Comment enseigner dans les prochaines décennies dans un contexte où la légitimité même du savoir et de la transmission traditionnelle sont remises en question par les théories intellectuelles contemporaines ?
C’est assez clair : toutes les écoles dans lesquelles la transmission est mise au pilori, fabriquent et fabriqueront des crétins patentés, ou si vous préférez, des ignares. Car il n’y a pas d’alternative au refus de la transmission, sauf le Rien. En revanche, il faut compter sur les écoles qui ne sont pas tombées dans cette idéologie, et il y en a beaucoup.
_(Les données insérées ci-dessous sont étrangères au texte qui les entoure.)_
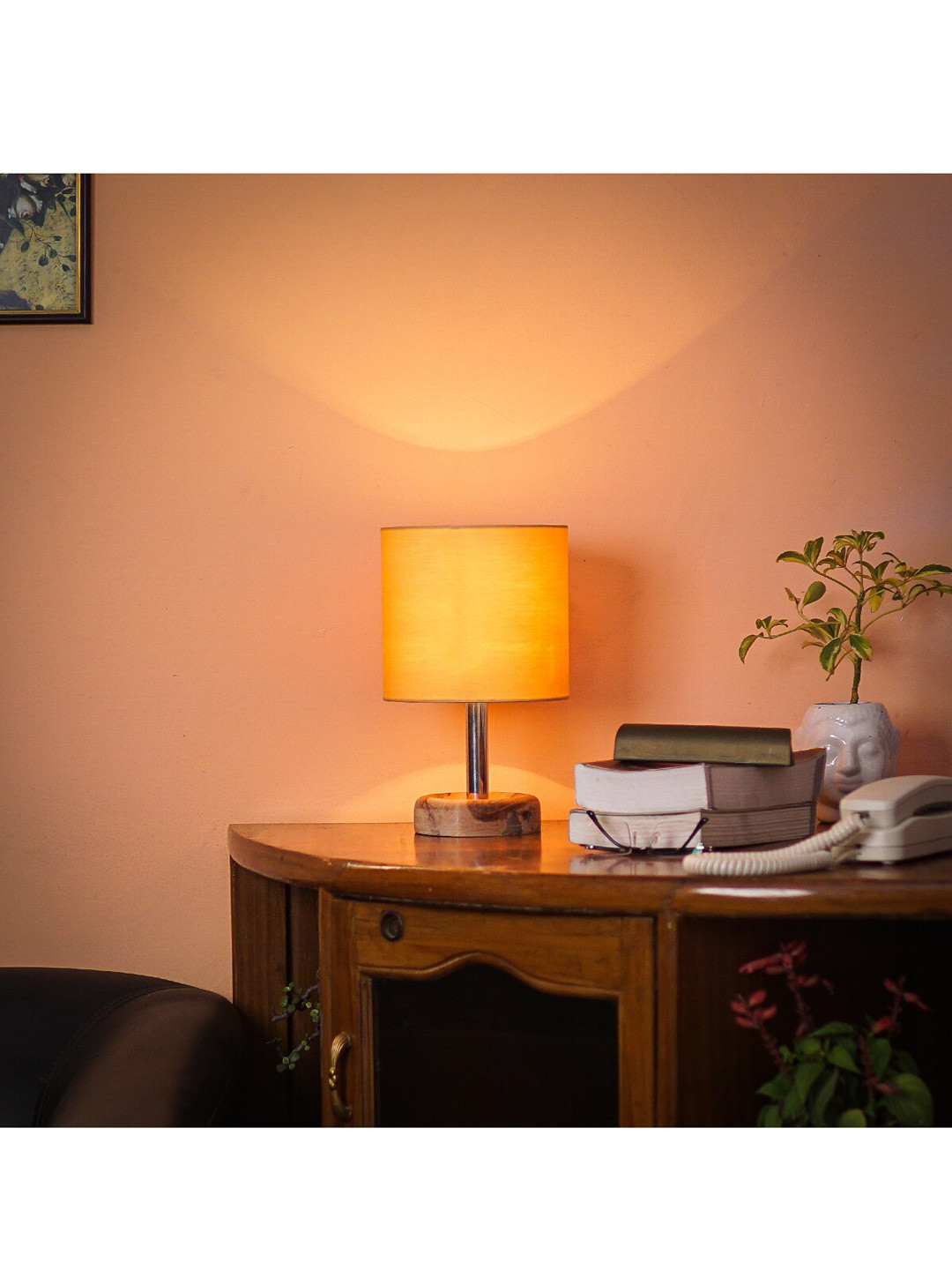 Pinecraft INTERNATIONAL Gold Edra Table Lamp with Gold Shade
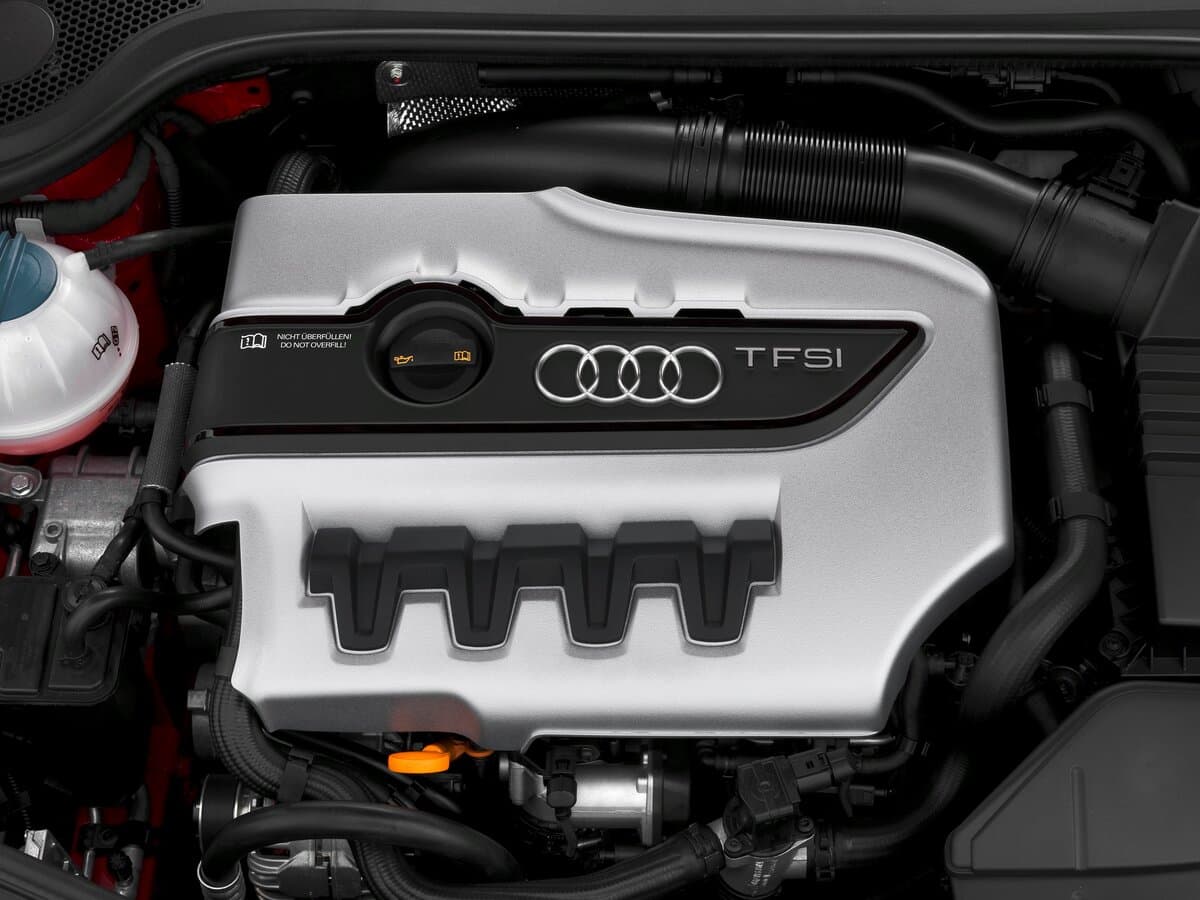 Audi TTS II (8J) — Salon, öndən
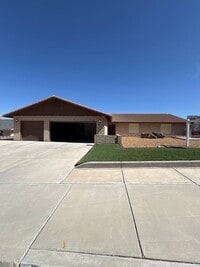 Building Photo - One level Boulder City lakeside & pool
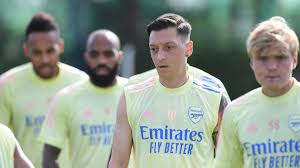 Kanarya, deneyimli yıldızla 3.5 yıllık sözleşme imzalayacak. Arsenal S Mesut Ozil Stand Off Is Pathetic And The Worst Thing Is They Could Use Him Eurosport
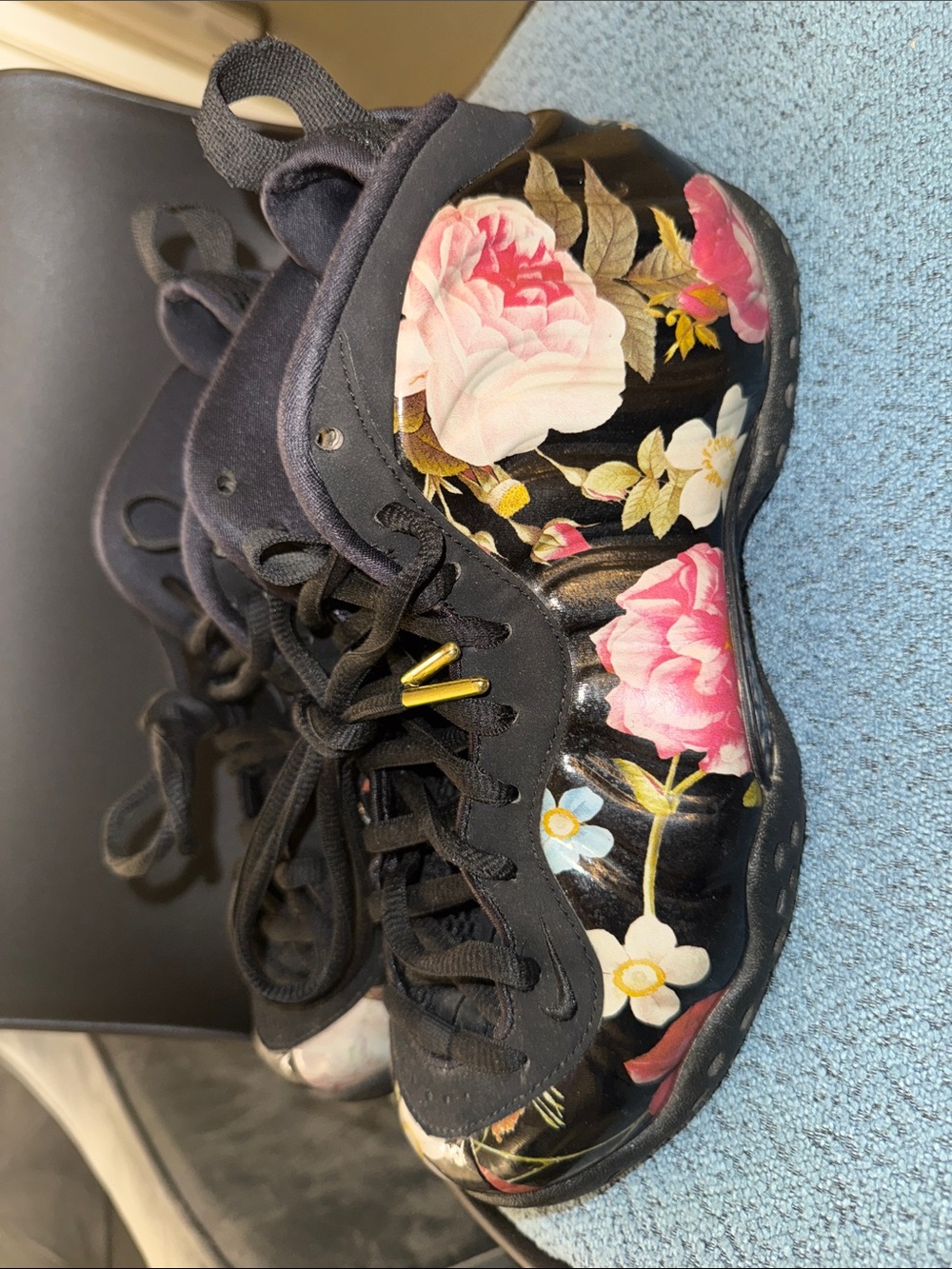 Nike Floral Black Pink Sneakers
Et surtout, il faut espérer (on le peut, car elles ont déjà fait leur preuve dans l’histoire) espérer dans les familles éducatrices, ces familles dans lesquelles les parents font des sacrifices pour transmettre. Naturellement, cela signifie qu’il y aura de grandes inégalités, comme je l’ai dit plus haut. Car l’idéologie actuellement en vigueur dans l’Education Nationale, entraine par le fond tous les enfants sans support familial. C’est pourquoi d’ailleurs, par égalitarisme, on tente de supprimer partout les devoirs du soir, pour ne pas avantager les parents éducateurs. Pour résumer, la transmission aura lieu, elle a toujours lieu – mais elle sera rare, réservée à un petit nombre.
Comment revaloriser en France la figure de l’enseignant, si attaquée et si marginalisée sur le plan économique ?
L’enseignant est dévalorisé parce qu’il est mal payé et on le moque d’avoir trop de congés. Il faudrait que nous ayons des enseignants bien rémunérés, dotés d’un bureau à l’école pour recevoir les élèves et les parents, intéressés au projet pédagogique ; mais, en revanche, susceptible d’être révoqués s’ils ne travaillent pas. Par ailleurs, il est méprisé parce qu’il n’a plus d’autorité. Bien souvent, il n’a plus la maitrise des programmes parce que les élèves peuvent l’empêcher de parler de tel ou tel sujet. Ii a même physiquement peur dans certains établissements – souvenons-nous de Samuel Paty. Lui redonner son autorité signifierait que l’on a le courage de punir et de renvoyer les élèves qui sèment le désordre. Or personne ne veut le faire parce que « que va-t-on en faire, de ces élèves renvoyés ? ». Autrement dit, l’idéal de l’inclusion totale (qui est une figure de l’évangélisme immanent, donc utopique) nous impose de laisser le système lentement se démolir. Nous n’aurons des enseignants valorisés et confiants que lorsque nous aurons des autorités courageuses.